Following an invitation from the Independent National Election Commission (INEC), the Commonwealth Secretary-General, Kamalesh Sharma, has constituted an Observer Group for the 2011 Nigeria National Assembly and Presidential Elections in Nigeria. It is my honour and privilege to lead this Commonwealth Observer Group and be here in Nigeria for these important elections. The Commonwealth has supported Nigeria through many of its previous elections and we are pleased to do so again as the country continues to consolidate its multi-party democracy.

The team of Observers comes from across the Commonwealth, and includes current or former politicians, electoral experts and representatives of civil society, academia, youth and the media. We are supported by a team from the Commonwealth Secretariat.

Democracy and good governance are core Commonwealth principles, which our Observer Group is constituted to promote and uphold. These elections are crucially important for the people of Nigeria, as they elect their representatives; it is imperative that the electoral process is transparent, fair, violence-free and credible.

Our task is to observe and report on relevant aspects of the organisation and conduct of the elections and also on the environment in which the elections are held. The Group will consider all the factors impinging on the credibility of the electoral process as a whole, and assess whether the elections have been conducted according to the standards for democratic elections to which Nigeria has committed itself, with reference to its own election-related legislation as well as relevant regional, Commonwealth and other international commitments.

We will consider, among other things, whether or not: conditions exist for free and competitive elections; the electoral commission is independent and effective; the voter register provides for universal suffrage; state institutions and public media are impartial; there is a level playing field in the campaign and that the campaign is free of violence; voters are free to express their will; and, the results process is transparent.

In conducting our duties and undertaking our assessment, we will be impartial, objective and independent. Commonwealth Observers are present here in their individual capacities as eminent and experienced Commonwealth citizens and the intent of the Group is to help further strengthen the democratic process in the country.

In the pre-election period we will meet a wide range of stakeholders, including INEC, representatives of political parties, civil society, the police and media, as well as High Commissions. Indeed our meetings have already commenced. We will also meet with representatives of other international and national observer groups, with which we will coordinate closely.
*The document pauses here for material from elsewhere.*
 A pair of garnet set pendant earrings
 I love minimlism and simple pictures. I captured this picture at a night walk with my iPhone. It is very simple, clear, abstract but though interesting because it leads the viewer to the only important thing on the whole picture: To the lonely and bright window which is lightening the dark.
Prior to election day, Commonwealth teams will deploy to a variety of locations around the country to observe the voting, counting and results processes. Our teams will re-deploy after the National Assembly Elections to observe the Presidential Election. We hope to issue an Interim Statement after the Presidential election and a Final Report at a later stage.

In the wake of the flawed 2007 elections it is vital that Nigeria writes a new electoral chapter, restoring public confidence in the country’s democratic institutions and processes. All stakeholders must play their due role in that quest.

We hope that INEC can set the example by displaying integrity, impartiality and technical competence. We look to the political parties to respect the rules of the game, to focus on the issues and to reject violence. The media and civil society need to be diligent custodians of democracy. And finally, we look to the people of Nigeria to show the way by participating in large numbers in the democratic process and choosing freely and fairly those who will govern them.